Mon Apr 6 16:04:49 PDT 2009

>> IMHO SC1435 are some kind of low-cost metal from DELL.  I would not use
...
> Thanks for the comments Frank. I did not realize that the SC1435
> wasn't suitable for HPC. I know it is one of the lower end systems
> without RemoteManagement nor hot-swappable-hardware etc. (but we don't

remote management is MUCH more of an HPC thing than hotswap.
whether you choose HS or not is a tradeoff involving expected failure rate,
how much it costs you (opportunity, lost work), and expense.  our compute
nodes don't have anything hotswap, and we're happy with that choice.
(they have dual disks which we intended to make up for possibile failure
problems by raid, but that has turned out to be overkill - one disk would
have been fine.)

remote management, otoh, really hinges on whether you have onsite gofers.
I wouldn't consider building even a small cluster without IPMI, given 
that the marginal cost is something like .5-5% per node.  not a frill...
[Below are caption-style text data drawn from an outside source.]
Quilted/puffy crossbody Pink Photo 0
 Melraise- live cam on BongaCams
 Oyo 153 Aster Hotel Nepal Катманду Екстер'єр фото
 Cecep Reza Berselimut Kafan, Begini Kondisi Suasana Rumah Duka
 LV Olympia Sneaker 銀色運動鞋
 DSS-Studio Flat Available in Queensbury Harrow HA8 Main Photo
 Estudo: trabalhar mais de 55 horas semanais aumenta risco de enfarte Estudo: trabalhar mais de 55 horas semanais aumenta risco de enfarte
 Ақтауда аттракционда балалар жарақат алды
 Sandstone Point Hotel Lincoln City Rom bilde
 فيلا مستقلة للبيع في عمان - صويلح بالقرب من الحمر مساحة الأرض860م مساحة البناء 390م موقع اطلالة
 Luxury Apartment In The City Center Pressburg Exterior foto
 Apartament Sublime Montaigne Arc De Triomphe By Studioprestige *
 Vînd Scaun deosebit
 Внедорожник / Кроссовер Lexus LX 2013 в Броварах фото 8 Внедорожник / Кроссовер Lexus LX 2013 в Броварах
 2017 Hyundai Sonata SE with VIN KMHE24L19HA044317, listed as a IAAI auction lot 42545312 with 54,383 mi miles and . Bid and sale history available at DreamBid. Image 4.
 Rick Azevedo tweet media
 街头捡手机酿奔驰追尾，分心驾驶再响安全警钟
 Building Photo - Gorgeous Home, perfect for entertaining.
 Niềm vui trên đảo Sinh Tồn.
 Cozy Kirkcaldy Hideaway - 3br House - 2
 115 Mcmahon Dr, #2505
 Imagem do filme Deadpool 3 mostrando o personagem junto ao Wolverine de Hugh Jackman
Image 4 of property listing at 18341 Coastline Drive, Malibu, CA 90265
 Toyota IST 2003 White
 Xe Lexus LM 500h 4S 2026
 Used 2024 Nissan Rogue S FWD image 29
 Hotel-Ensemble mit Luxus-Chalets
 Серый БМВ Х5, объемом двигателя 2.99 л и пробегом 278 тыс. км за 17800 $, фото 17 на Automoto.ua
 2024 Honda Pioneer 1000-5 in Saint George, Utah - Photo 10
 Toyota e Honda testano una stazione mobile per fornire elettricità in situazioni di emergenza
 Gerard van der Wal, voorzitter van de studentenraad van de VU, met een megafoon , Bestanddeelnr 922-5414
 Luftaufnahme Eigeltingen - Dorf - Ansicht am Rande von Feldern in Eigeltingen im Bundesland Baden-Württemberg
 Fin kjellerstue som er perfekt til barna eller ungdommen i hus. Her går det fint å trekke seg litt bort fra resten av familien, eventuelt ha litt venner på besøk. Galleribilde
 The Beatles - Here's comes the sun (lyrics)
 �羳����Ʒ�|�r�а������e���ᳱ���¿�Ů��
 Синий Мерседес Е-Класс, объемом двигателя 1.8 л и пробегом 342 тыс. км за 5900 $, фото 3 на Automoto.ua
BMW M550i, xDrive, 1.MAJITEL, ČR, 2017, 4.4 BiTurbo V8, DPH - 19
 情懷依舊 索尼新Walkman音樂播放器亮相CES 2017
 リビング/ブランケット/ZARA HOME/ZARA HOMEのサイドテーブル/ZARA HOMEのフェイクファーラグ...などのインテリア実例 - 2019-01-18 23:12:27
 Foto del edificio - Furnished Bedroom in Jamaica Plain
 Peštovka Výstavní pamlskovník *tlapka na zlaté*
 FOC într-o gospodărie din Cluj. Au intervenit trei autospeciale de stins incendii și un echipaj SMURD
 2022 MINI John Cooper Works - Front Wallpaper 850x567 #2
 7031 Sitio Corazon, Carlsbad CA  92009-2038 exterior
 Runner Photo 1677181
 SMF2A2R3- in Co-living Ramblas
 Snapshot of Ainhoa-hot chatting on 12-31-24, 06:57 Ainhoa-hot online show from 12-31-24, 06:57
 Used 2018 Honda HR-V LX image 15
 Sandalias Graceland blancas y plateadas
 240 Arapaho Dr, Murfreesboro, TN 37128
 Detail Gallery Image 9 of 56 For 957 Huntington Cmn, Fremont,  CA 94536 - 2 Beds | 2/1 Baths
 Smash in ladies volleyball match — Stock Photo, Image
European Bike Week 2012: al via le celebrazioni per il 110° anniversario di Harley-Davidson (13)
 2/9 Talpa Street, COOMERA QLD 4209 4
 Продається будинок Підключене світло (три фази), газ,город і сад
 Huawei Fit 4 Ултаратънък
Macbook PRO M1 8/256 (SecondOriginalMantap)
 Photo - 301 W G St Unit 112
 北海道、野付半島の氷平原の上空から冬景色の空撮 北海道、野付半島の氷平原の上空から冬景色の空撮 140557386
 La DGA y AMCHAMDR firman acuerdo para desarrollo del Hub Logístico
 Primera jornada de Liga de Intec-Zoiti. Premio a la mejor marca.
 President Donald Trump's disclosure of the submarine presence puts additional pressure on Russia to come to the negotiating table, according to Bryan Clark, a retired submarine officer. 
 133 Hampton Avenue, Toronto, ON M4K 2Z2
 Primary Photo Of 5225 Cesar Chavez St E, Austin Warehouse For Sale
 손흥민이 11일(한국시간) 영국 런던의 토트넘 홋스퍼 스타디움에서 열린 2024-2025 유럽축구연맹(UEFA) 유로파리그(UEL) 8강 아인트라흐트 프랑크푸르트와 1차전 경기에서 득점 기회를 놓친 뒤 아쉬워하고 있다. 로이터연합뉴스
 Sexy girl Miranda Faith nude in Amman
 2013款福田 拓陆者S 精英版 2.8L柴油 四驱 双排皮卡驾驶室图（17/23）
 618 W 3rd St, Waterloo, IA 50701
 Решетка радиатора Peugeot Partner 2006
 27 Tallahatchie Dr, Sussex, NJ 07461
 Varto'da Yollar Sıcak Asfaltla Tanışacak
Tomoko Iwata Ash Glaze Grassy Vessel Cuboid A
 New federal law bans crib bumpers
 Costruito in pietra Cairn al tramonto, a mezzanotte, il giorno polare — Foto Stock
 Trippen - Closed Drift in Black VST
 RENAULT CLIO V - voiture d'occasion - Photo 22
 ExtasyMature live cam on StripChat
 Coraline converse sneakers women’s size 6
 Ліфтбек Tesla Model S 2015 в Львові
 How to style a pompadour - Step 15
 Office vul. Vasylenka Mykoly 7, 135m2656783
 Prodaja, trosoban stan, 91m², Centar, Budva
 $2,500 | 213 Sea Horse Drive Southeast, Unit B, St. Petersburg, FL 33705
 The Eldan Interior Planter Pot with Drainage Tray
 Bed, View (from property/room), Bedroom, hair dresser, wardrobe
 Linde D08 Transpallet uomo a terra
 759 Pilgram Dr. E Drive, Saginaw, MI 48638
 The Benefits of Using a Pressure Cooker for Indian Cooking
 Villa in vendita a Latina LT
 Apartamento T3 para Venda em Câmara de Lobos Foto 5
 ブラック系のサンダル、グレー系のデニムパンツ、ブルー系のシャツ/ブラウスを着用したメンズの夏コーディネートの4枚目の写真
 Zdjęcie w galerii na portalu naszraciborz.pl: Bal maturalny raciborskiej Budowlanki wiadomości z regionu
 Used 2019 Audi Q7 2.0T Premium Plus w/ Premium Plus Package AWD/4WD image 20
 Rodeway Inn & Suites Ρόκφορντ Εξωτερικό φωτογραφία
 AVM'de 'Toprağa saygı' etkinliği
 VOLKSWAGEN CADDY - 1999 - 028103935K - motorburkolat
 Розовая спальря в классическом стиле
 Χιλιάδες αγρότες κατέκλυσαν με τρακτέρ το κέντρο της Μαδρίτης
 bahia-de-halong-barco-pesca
>> like cross testing memory, CPU or other things.  (The most interesting
>> request is to do a BIOS update to cure a (obviously) memory problem.

perfectly reasonable: the bios is responsible for probing the memory
and configuring the memory controller.

>> about it.  And IMHO the OS should be able to cause an error detected by
>> the management board.

uh, very idealistic.  ignores interesting things like OS-loaded CPU firmware,
ACPI, SMI, etc.

> OS angle seems mostly smoke-and-mirrors to me. I cannot explain why
> the system will not reboot by pressing the reboot button if it were a
> simple software crash.

most systems have a "soft" power button these days, which means that 
the OS can hook it and potentially screw up.  obviously a hardware reset
is different.  setting the power button to instant-off, afaik, disables
the acpi-related hooking.  also, magic sysrq may be useful in isolating
whether the kernel is alive (heck, toggling the shift-lock key/led is 
my first test for kernel liveness...)  that said, your problem does sound
like the responsibility of the vendor to me...

>> DELL support and so on.  23 machines don't give a full time job, but
>> maybe someone who's taking care about some other Linux installation
>> already.  It's not a good idea to have just some grad-student doing that
>> job part-time (no offense).  I know that reallity looks bad.

well, I'm part of a shared academic HPC consortium - in part our purpose
is precisely to avoid wasting prof/grad/researcher time on this kind of
thing...